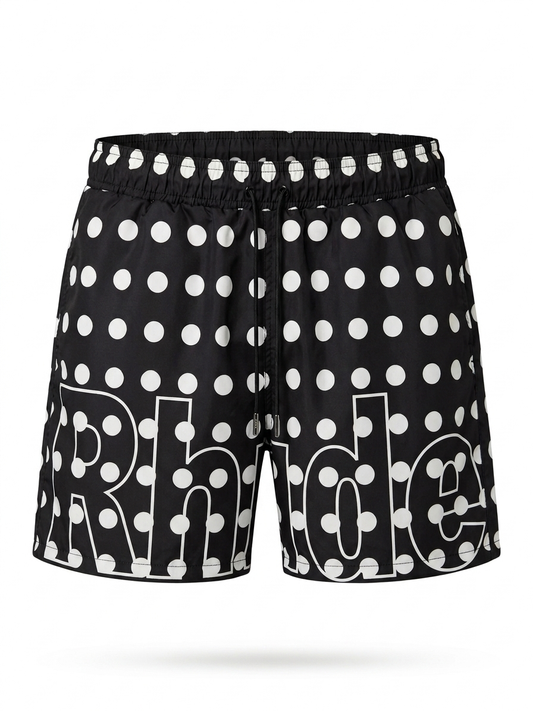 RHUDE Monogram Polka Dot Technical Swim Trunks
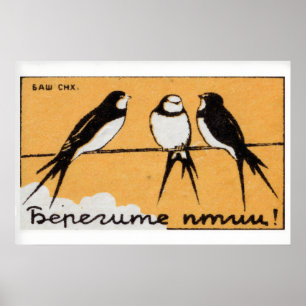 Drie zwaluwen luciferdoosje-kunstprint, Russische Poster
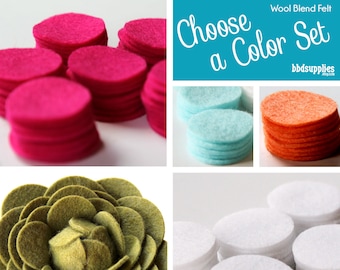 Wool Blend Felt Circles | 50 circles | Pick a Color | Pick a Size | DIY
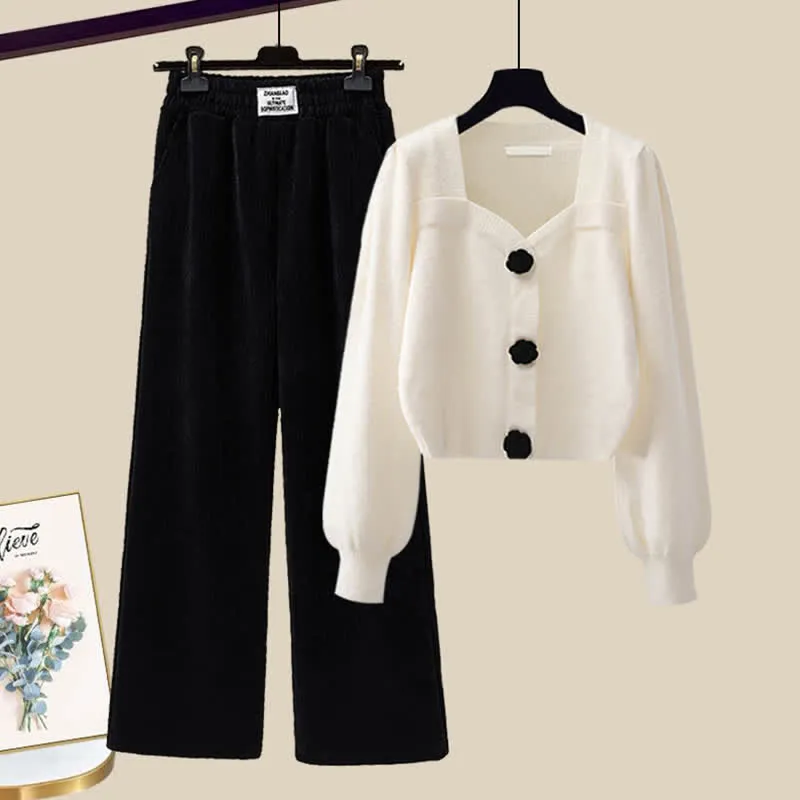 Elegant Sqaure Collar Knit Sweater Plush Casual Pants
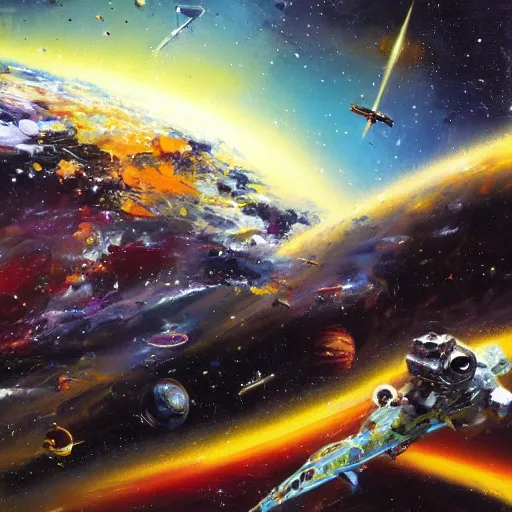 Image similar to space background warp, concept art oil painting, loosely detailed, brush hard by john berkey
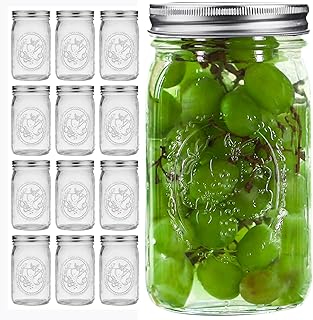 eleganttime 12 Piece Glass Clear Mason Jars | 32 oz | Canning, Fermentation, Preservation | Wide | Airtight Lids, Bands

---

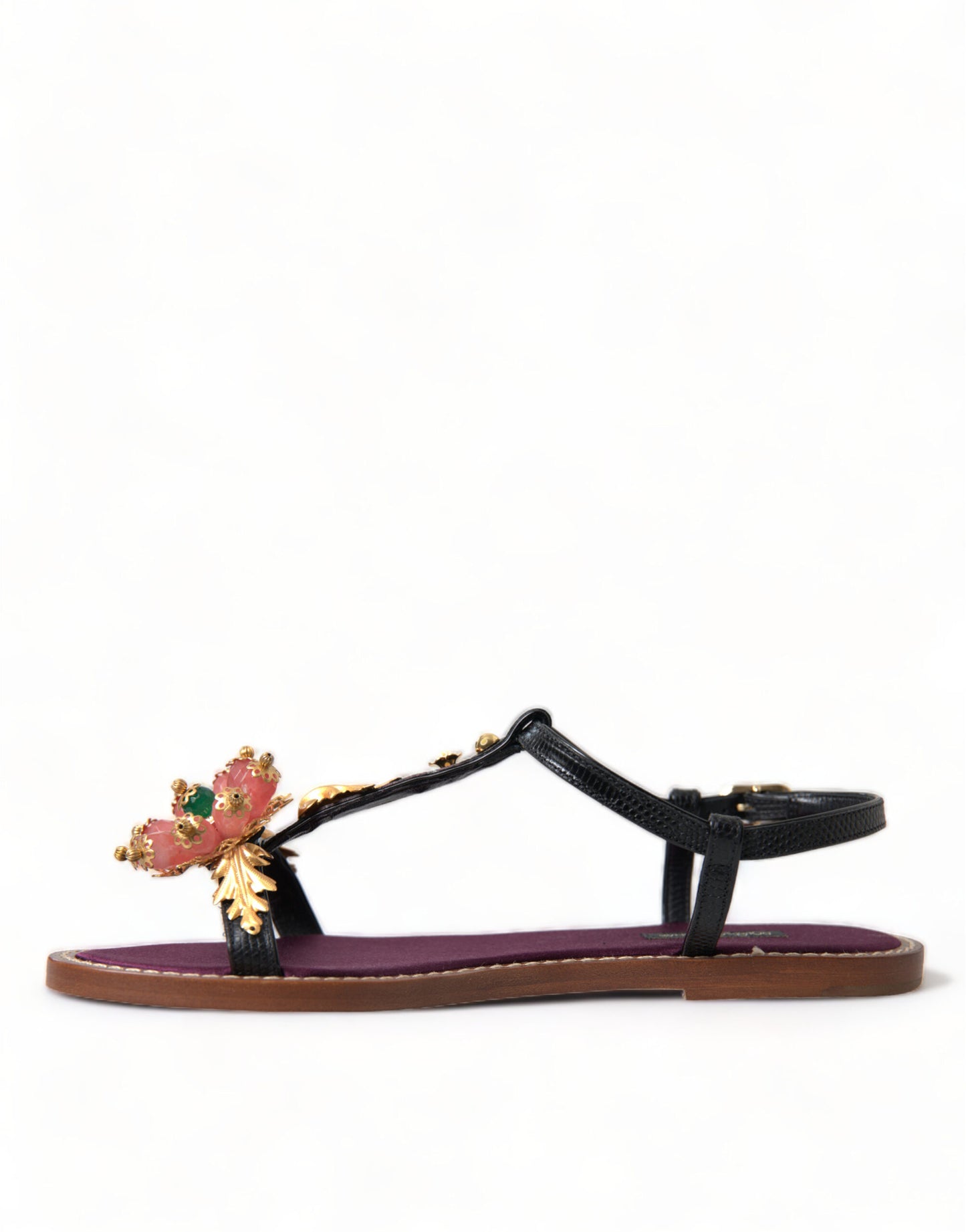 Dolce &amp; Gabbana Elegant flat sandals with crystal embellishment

> **ASSIGNED TASK**
Beginning with the line holding "RHUDE Monogram Polka" in the material above, restate word for word each line through the line holding "eleganttime 12 Piece", and exclude pictures.

> **ANSWER TO THIS TASK**
 RHUDE Monogram Polka Dot Technical Swim Trunks
 Drie zwaluwen luciferdoosje-kunstprint, Russische Poster
 Wool Blend Felt Circles | 50 circles | Pick a Color | Pick a Size | DIY
 Elegant Sqaure Collar Knit Sweater Plush Casual Pants
 Image similar to space background warp, concept art oil painting, loosely detailed, brush hard by john berkey
 eleganttime 12 Piece Glass Clear Mason Jars | 32 oz | Canning, Fermentation, Preservation | Wide | Airtight Lids, Bands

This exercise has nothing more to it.